La stratégie de contrer la Russie sur le continent africain se cristallise aussi par les éléments de langage des hauts fonctionnaires des États-Unis

d’Amérique. Même si les émissaires américains en Afrique nient, mais contrer la rhétorique russe et atténuer la crise alimentaire figurent en tête de l’agenda de Thomas-Greenfield pour la rencontre avec les dirigeants des trois pays.
Ce qui n’est pas gagné d’avance pour le pays de Biden. Certains africains ont le cœur qui balancent entre toutes ces puissances. Yoweri Museveni qui a reçu le ministre russe, a fait montre d’une belle répartie: dans un message subtil adressé à l’Occident, alors qu’il accueillait Sergueï Lavrov, le président Ougandais a déclaré la semaine dernière que la Russie était aux côtés de l’Afrique depuis 100 ans et que les pays africains ne peuvent seulement condamner Moscou lorsqu’elle commet des erreurs.
“Comment pouvons-nous être contre quelqu’un qui ne nous a jamais fait de mal?,” a demandé Museveni.

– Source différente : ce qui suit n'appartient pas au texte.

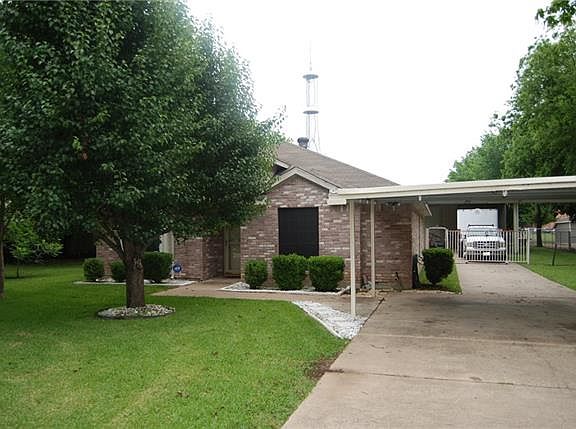 3rd image of 444 Old London Ln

Le voyage de Greenfeild du 4 au 7 août sera immédiatement suivi des visites du secrétaire d’État américain Antony Blinken en Afrique du Sud, au Congo et au Rwanda du 7 au 11 août.
Selon l’agenda du secrétaire d’État américain, son déplacement en Afrique du Sud, au Congo et au Rwanda vise à “lancer la stratégie américaine pour l’Afrique subsaharienne, qui renforce le point de vue des États-Unis selon lequel les pays africains sont des acteurs géostratégiques et des partenaires essentiels pour les questions les plus urgentes, qu’il s’agisse de promouvoir un système international ouvert et stable, de s’attaquer aux effets du changement climatique, de l’insécurité alimentaire et des pandémies mondiales, ou de façonner notre avenir technologique et économique”.

Après avoir beaucoup reculé dans sa relation stratégique et économique avec l’Afrique, les États-Unis d’Amérique veulent reprendre la main, eux qui sont largement devancés par la Chine, avec
seulement 64 milliards de dollars d’échanges commerciaux avec l’Afrique en 2021, alors que Pékin plafonne à 254 milliards de dollars et l’Inde à 89,5 milliards.